I would like my logistic regression model to start at the same point as a predictor variable.
Data:
df <- tibble(
x = c(0:20, 0:20),
y = c(log(10:30 + 2), log(10:30 + 10)),
init = c(rep(log(10 + 2), 21), rep(log(10 + 10), 21)),
group = c(rep('A', 21), rep('B', 21))
)
Model:
lm_fit <- lm(y ~ log(x + 1) + init, data = df)
Example of model fitted to data:
newdata <- df %>%
filter(group == 'A') %>%
mutate(pred_y = predict(lm_fit, newdata = newdata, type = 'response')) %>%
pivot_longer(c(y, pred_y), names_to = 'pred_type', values_to = 'value')
ggplot(aes(x, value, colour = pred_type)) +
geom_point() +
geom_line()
How can I change my model so the red line (model) starts at the same value as the blue line (data)? i.e. when x=0
, pred_y = y
.
Using your init
variable, you have to treat it as an offset (its coefficient will be 1) and disable the intercept (-1
in model formula).
lm_fit <- lm(y ~ log(x + 1) + offset(init) - 1, data = df)
After changing the model formula to log(y) ~ log(x + 1)

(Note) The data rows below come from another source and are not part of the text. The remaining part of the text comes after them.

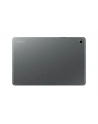 Samsung Galaxy Tab S10 FE WiFi (128GB) 8GB Szary - nr 5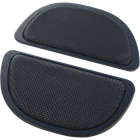 Cyclesmiths 106-SB-NR Banana Rear Floorboard Cover Without Rivets New. Price: $385.99.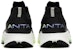 (W) Anta MACH 3.0 'Lumba Profesional Hitam Putih' 122325583-7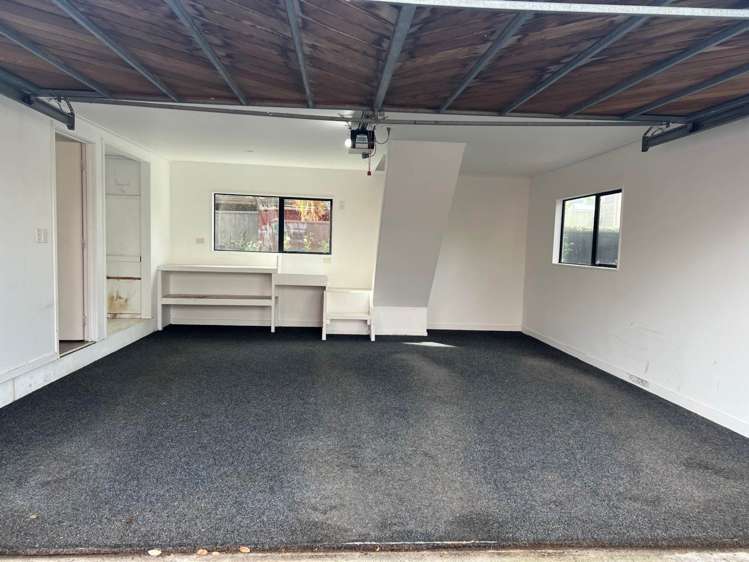 22b Towai Street Saint Heliers_21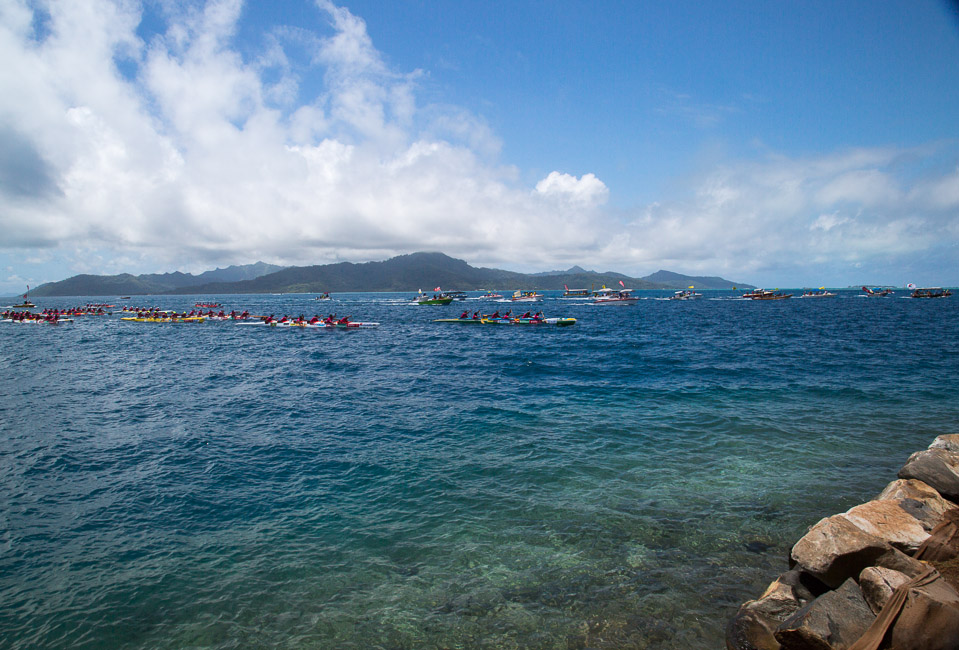 3L9A5904.jpg Hawaiki nui va a - Copyright : See Otherwise 2012 - 2025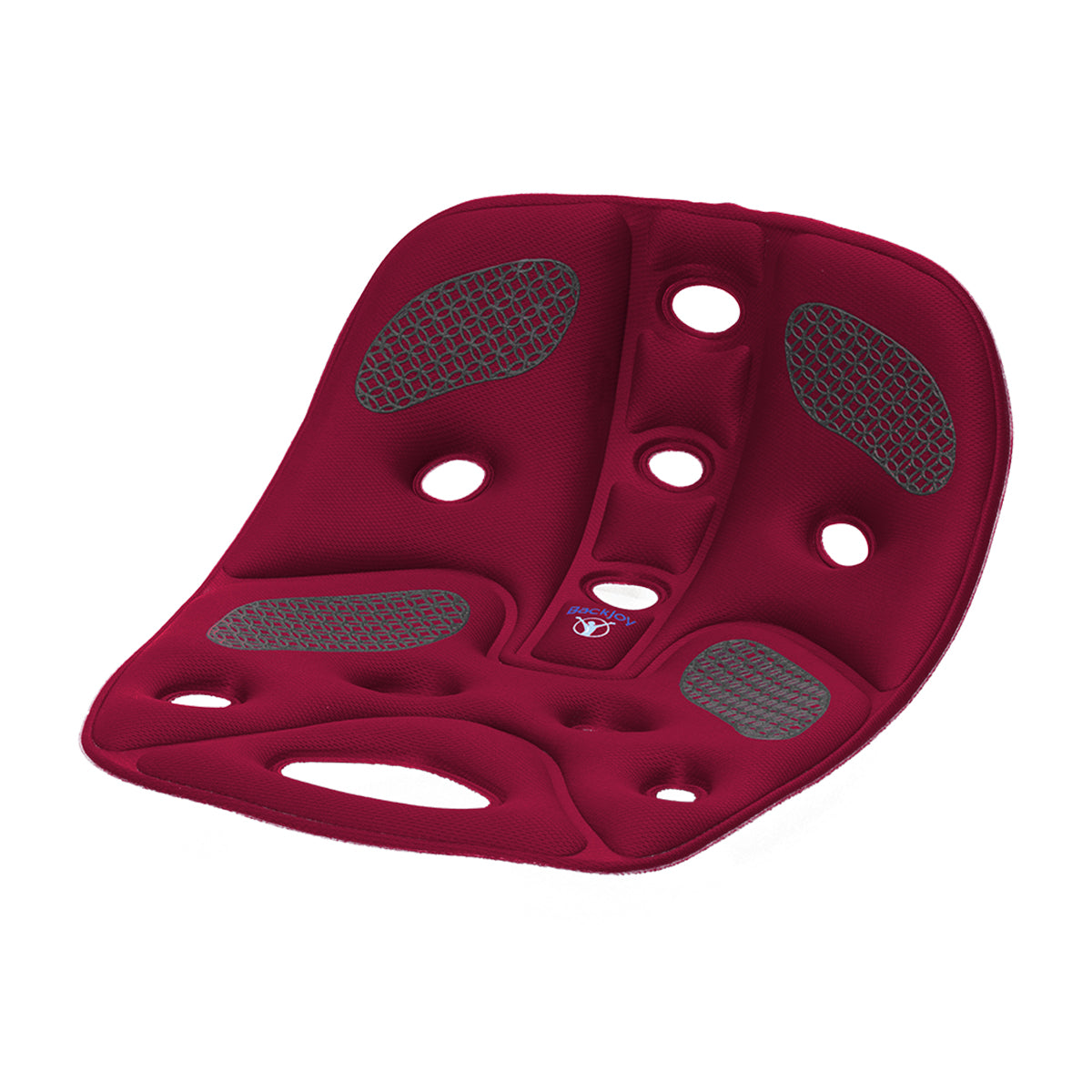 SitSmart Relief Series | The Relief MINI | for under 100 lbs
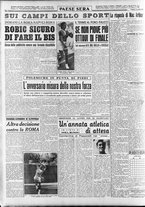 giornale/RAV0036966/1951/Aprile/67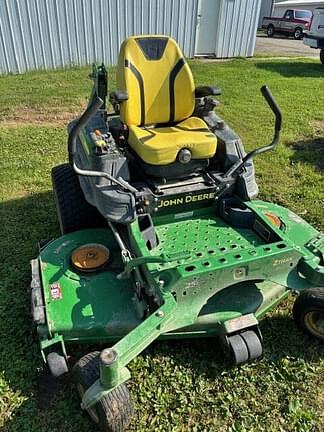 Image of John Deere Z950M Image 0
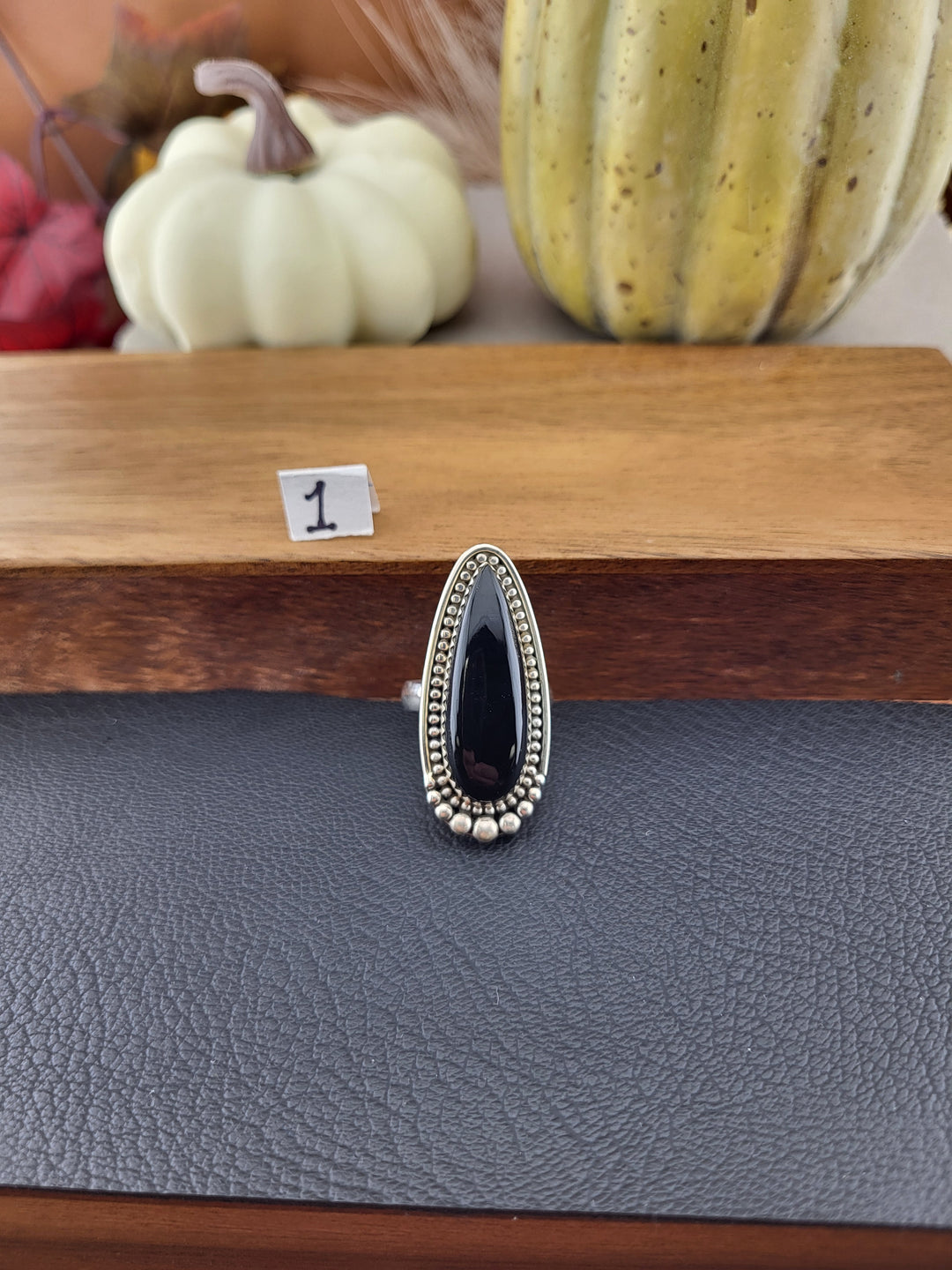 RESERVED FOR: Lazers-9/25/2024 -1 Sterling Silver Items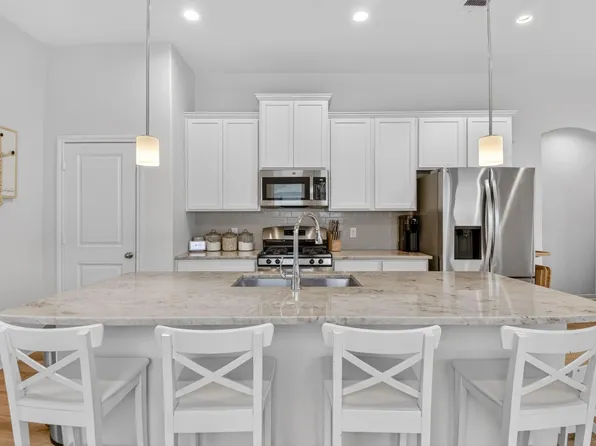 2328 Cedar Crossing Dr, Conroe, TX 77301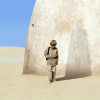 空少 (Young Skywalker)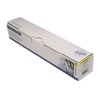 Icon Compatible OKI C301 C321 MC342 Yellow Toner Cartridge (44973545)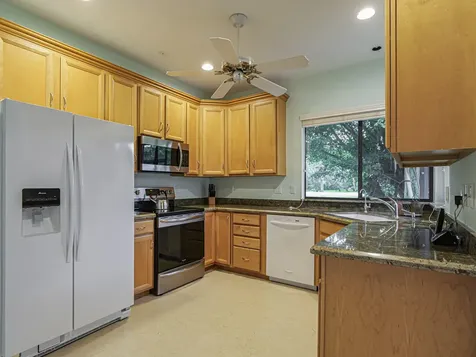 3390 SE Putnam Court Stuart FL 34997
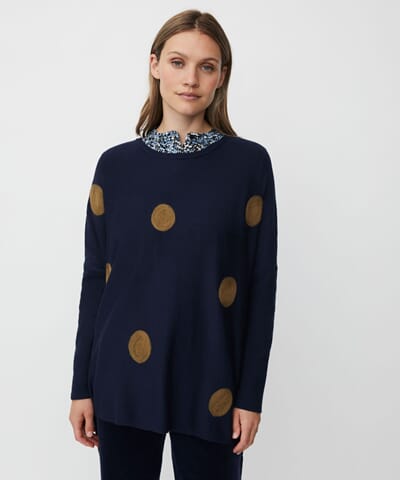 1008636-2002P 1008636-2002P-4.jpg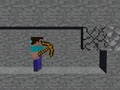 Játék Noob bányász online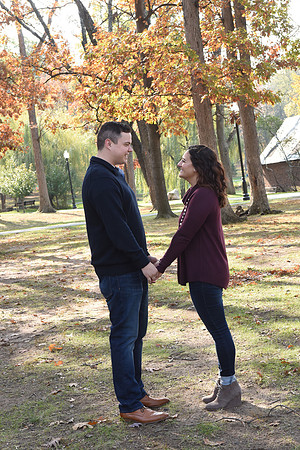 004 Jillian & Chris-GMStudios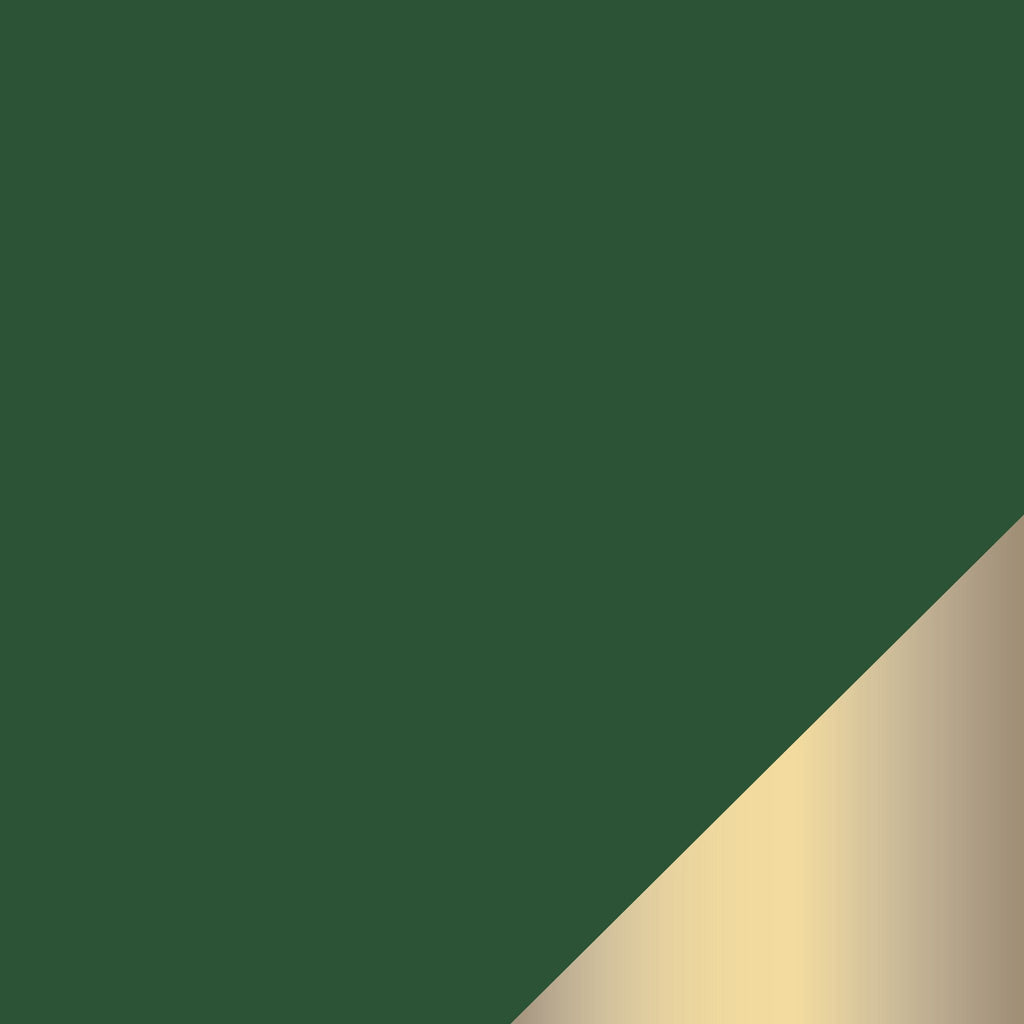Emerald Green Party Supplies | Luxe Party NYC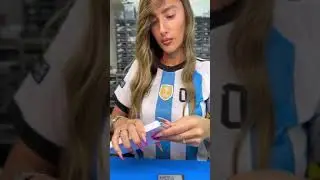 ASMR TAMAR FIX BROKEN SCREEN on GALAXY S21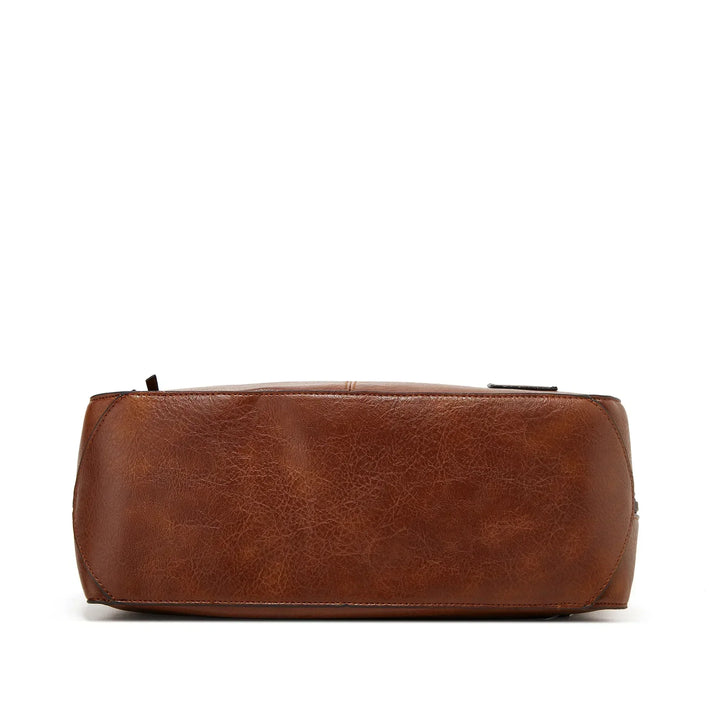 Muriel™ Leather Bag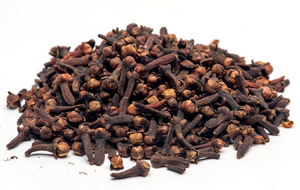 Cloves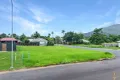 Property photo of 2 Gourley Street Tully QLD 4854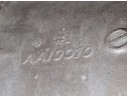 Recambio de caja cambios para lexus is ii (_e2_) 200d (ale20_) referencia OEM IAM 3303053291  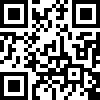 https://isna.ir/x6cPtc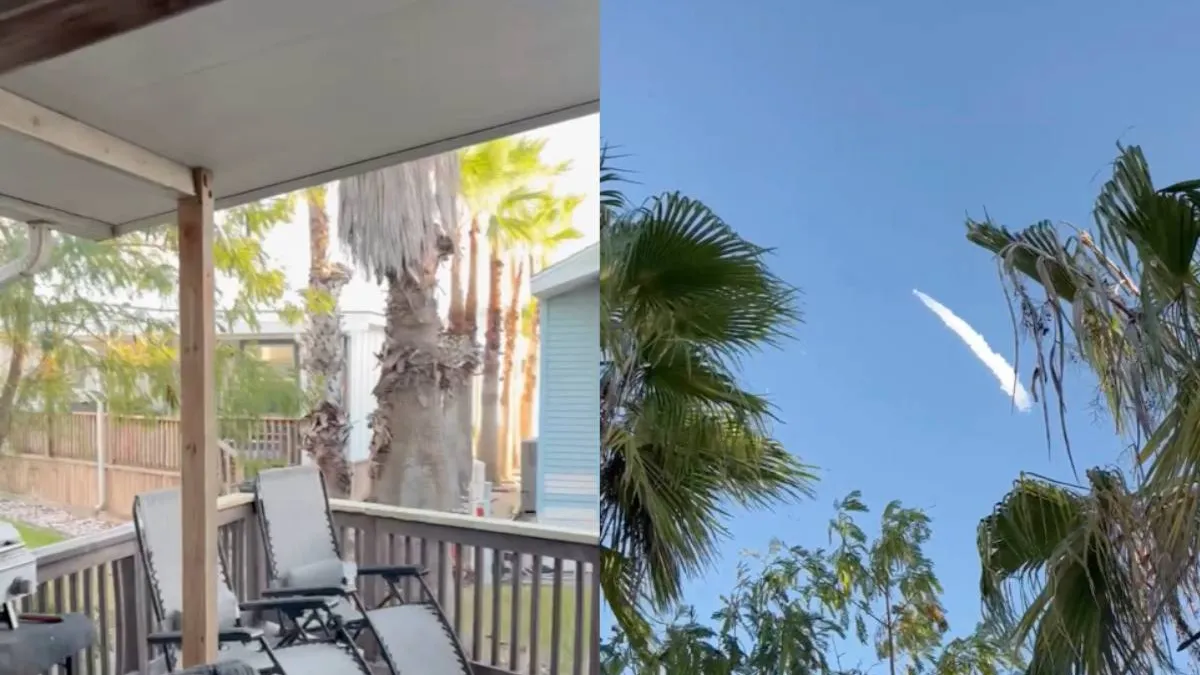 thumb_muskie_speelgoed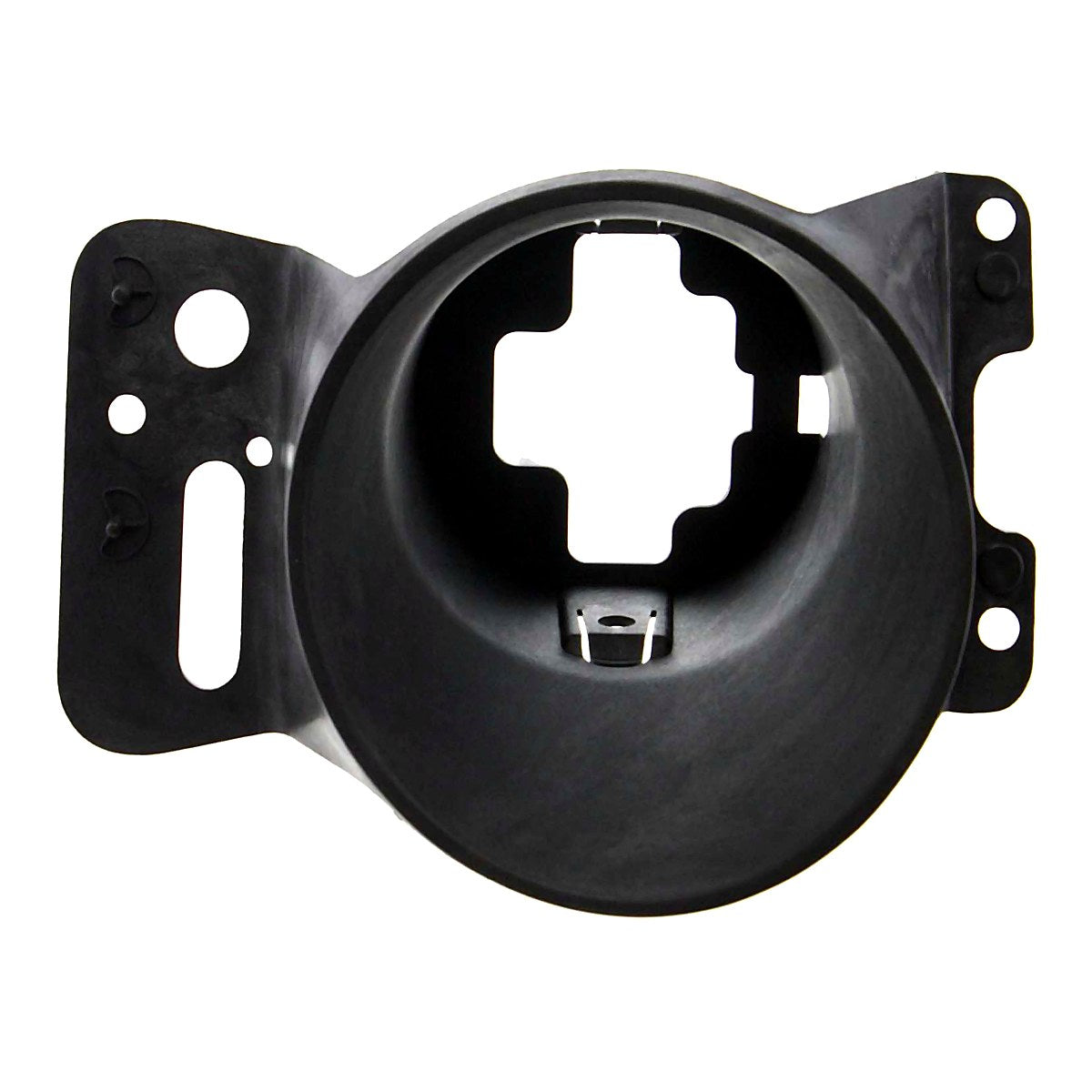 Automotive replacement part product image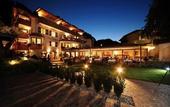 Туры в отель Boutique Hotel Zum Rosenbaum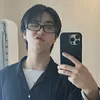 elmocodeseungmin09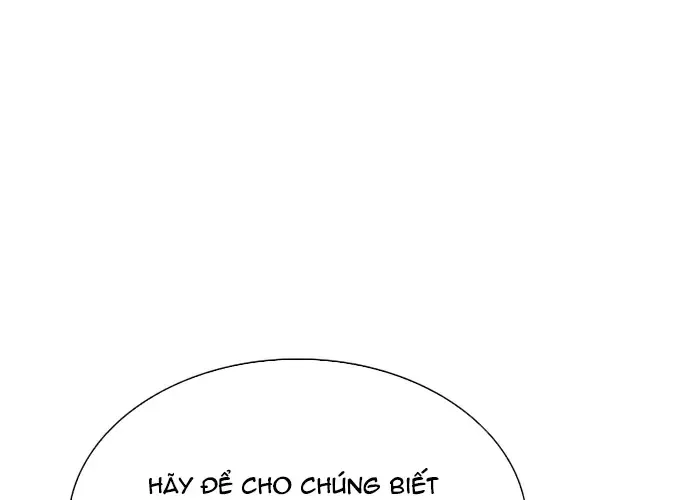 Giấc Mơ Trong Game Trở Thành Hiện Thực Chap 72 - Next Chap 73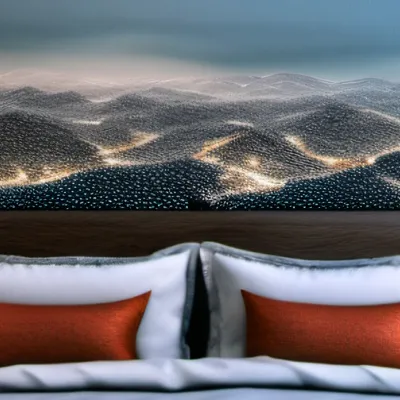 chat with ai character: HH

a possible approach is to transform the y
variable and use its new value in x = 0 for the offset (init
) variable (I would actually recommend to always derive the offset from the y variable and not compute it independently). This way only the data is modified and the rest will remain the same.
df <- df %>%
group_by(group) %>%
mutate(y = log(y),
init = y[x==0])